── Information shown

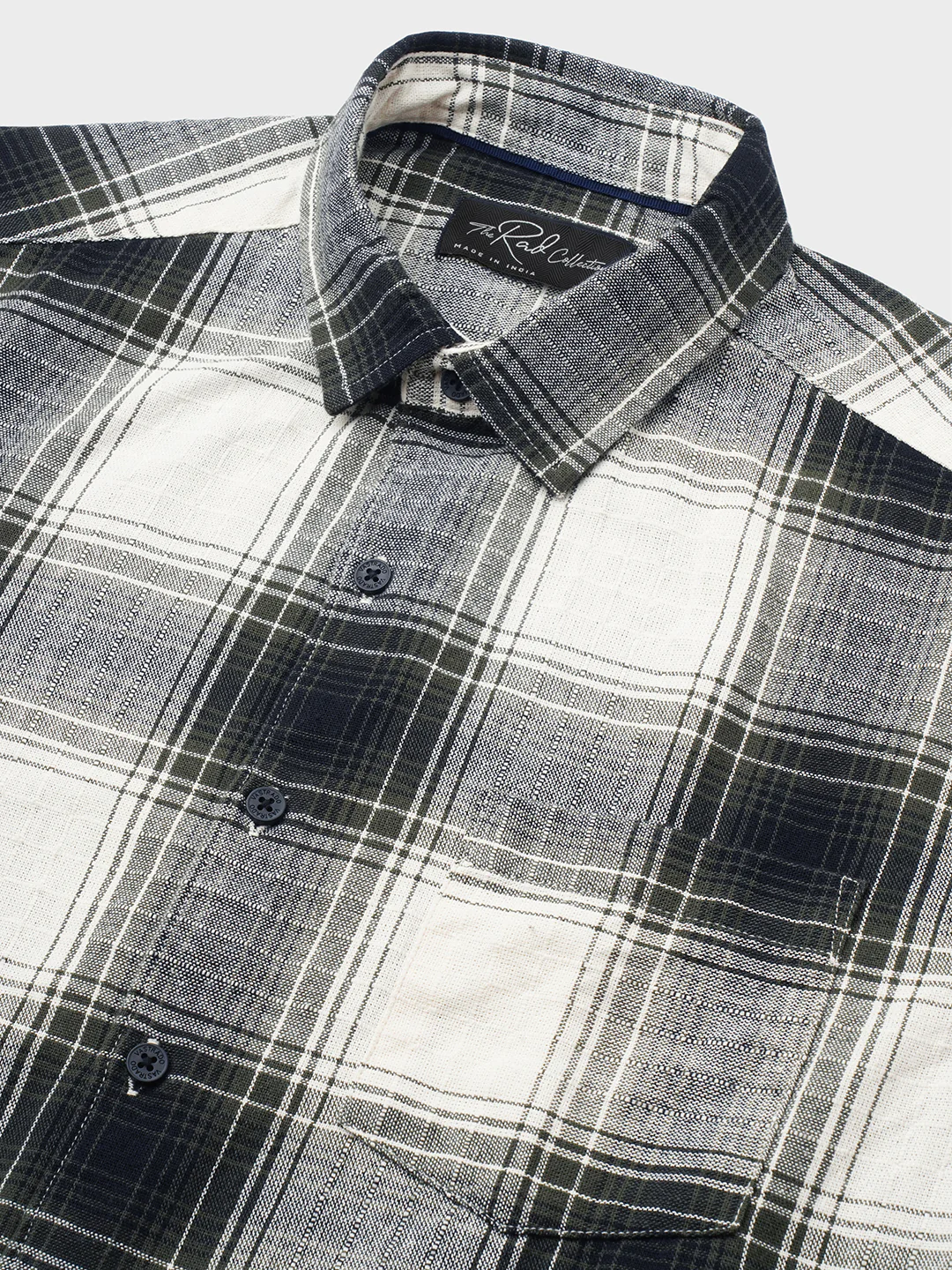 Everyday Olive Broad Checks Linen Blend Shirt - Image 3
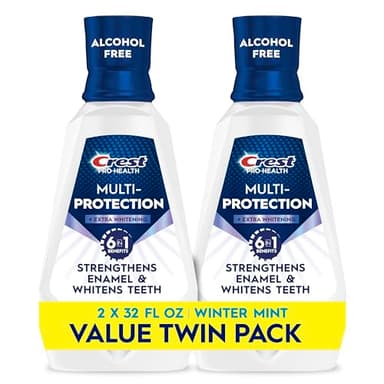 Crest Pro-Health Advanced Mouthwash, Alcohol Free, Extra Whitening, Energizing Mint Flavor, 2x946mL (32 fl oz)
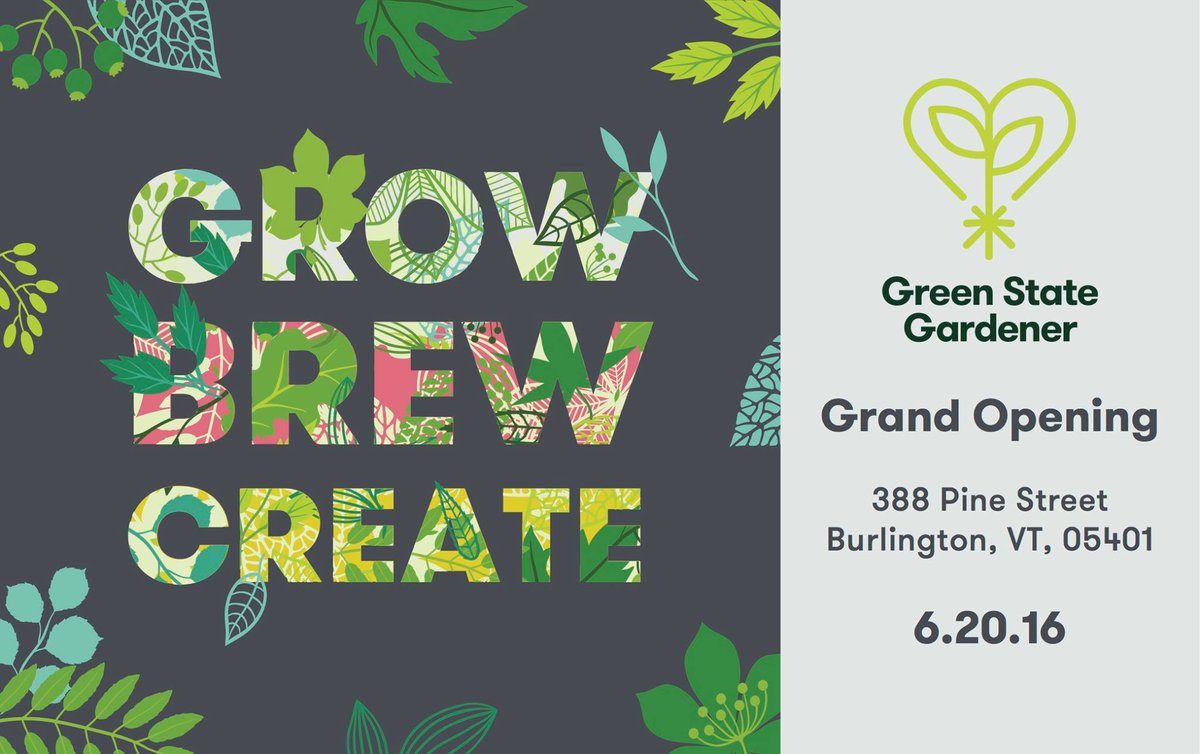 greenstategrdnr's tweet photo. Our Grand Opening of our new retail store is today! Come check us out on Pine Street in #Burlington #Vermont ! #btv https://t.co/zbXoh5D72H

────

● Action item
Using the data above, write out every line exactly, leaving the images behind.

● Response to the exercise
 Everyday Olive Broad Checks Linen Blend Shirt - Image 3
 Crest Pro-Health Advanced Mouthwash, Alcohol Free, Extra Whitening, Energizing Mint Flavor, 2x946mL (32 fl oz)
 greenstategrdnr's tweet photo. Our Grand Opening of our new retail store is today! Come check us out on Pine Street in #Burlington #Vermont ! #btv https://t.co/zbXoh5D72H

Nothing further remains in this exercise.